TASK STATEMENT: The reply should contain all the data below, repeated exactly, and none of the images.

INFORMATION SUPPLIED:
_ _ _ _

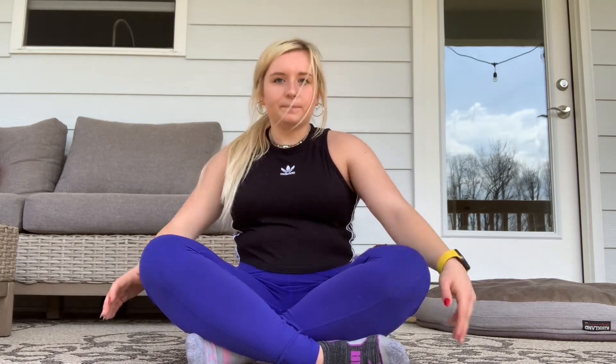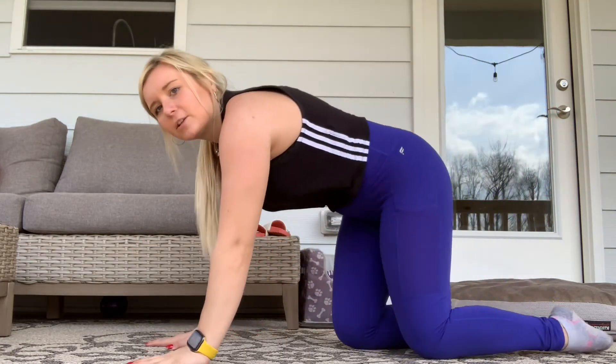Not only is it very important to keep your core and your back muscles strong, it's very important to make sure they stay flexible as well. Here are a few of the stretches that I like to do to help keep my core and my back flexible. The first stretch that we are going to do is our seal stretch.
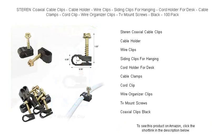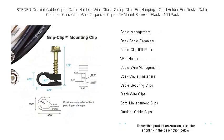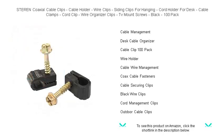Whether hanging wires for your TV mount, arranging your desk, or running cables along the baseboard, our wire clips ensure a clean, professional appearance every time. They're incredibly easy to install and built to last, making them ideal for your home or office.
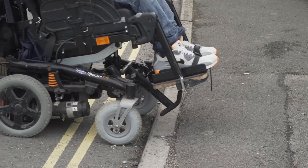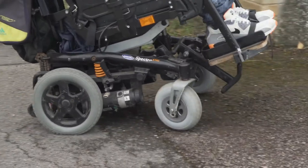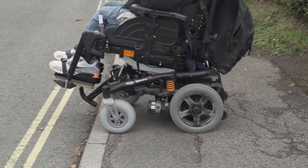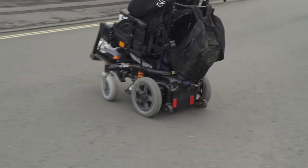You see that this is a bump, so you slow down and then you put the power in to get the back wheels over. But you wouldn't go up here — you would go up where you're standing, because where you're standing is flatter.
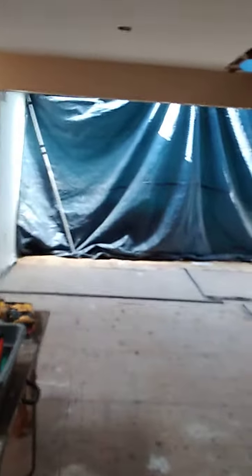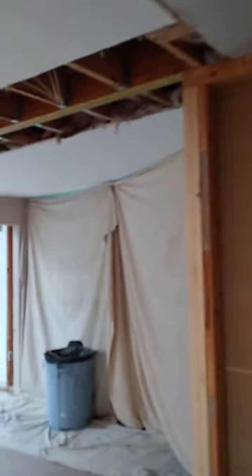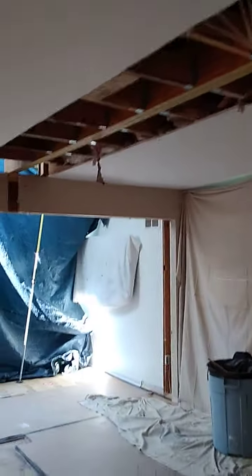Welcome back to 7 Jackson, Monday evening. Got a lot of the demo done and got the beams in. We're pretty much ready to start drywalling.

_ _ _ _

ANSWER TO THIS EXERCISE:
Not only is it very important to keep your core and your back muscles strong, it's very important to make sure they stay flexible as well. Here are a few of the stretches that I like to do to help keep my core and my back flexible. The first stretch that we are going to do is our seal stretch.
Whether hanging wires for your TV mount, arranging your desk, or running cables along the baseboard, our wire clips ensure a clean, professional appearance every time. They're incredibly easy to install and built to last, making them ideal for your home or office.
You see that this is a bump, so you slow down and then you put the power in to get the back wheels over. But you wouldn't go up here — you would go up where you're standing, because where you're standing is flatter.
Welcome back to 7 Jackson, Monday evening. Got a lot of the demo done and got the beams in. We're pretty much ready to start drywalling.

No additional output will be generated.